[−][src]Macro dtolnay::_02__reference_types

macro_rules! _02__reference_types {
    ({
        date:  "October 1, 2019",
        author:  "David Tolnay",
    }) => { ... };
}

Accurate mental model for Rust's reference types

^{by David Tolnay , 2019.10.01}

Rust's ownership and borrowing system involves the use of references to operate on borrowed data, and the type system distinguishes two different fundamental reference types.
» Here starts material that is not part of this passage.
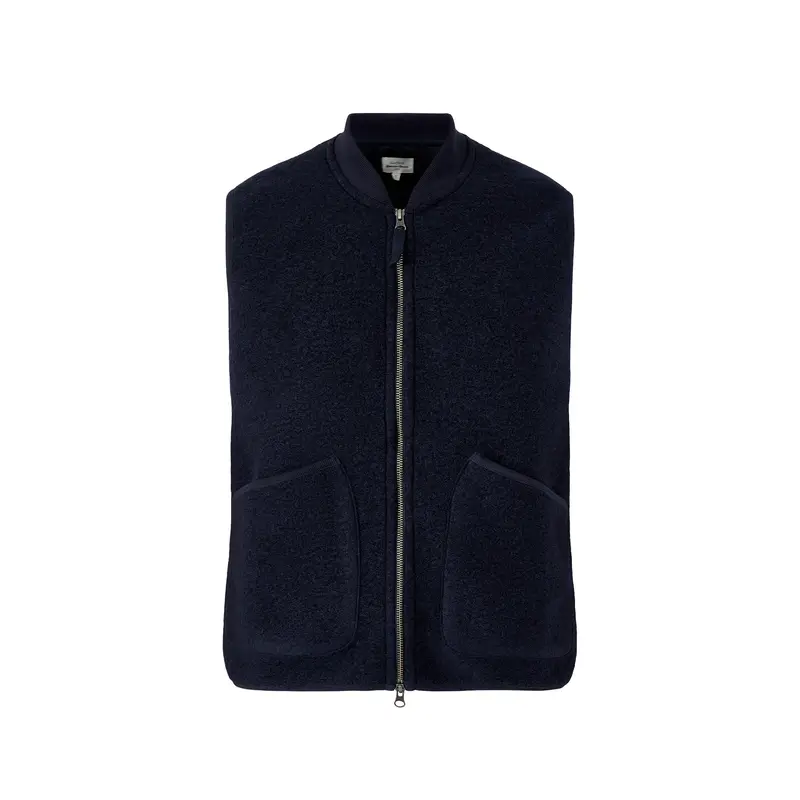 Knitted Boiled Vest Navy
In code they are spelled &T and &mut T.

&mut T is commonly known as a "mutable reference" to data of type T. By juxtaposition, &T is then an "immutable reference" or "const reference" to T. These names are fine and reasonably intuitive for Rust beginners, but this article lays out the motivation for preferring the names "shared reference" and "exclusive reference" as you grow beyond the beginner stage and get into library design and some more advanced aspects of the language.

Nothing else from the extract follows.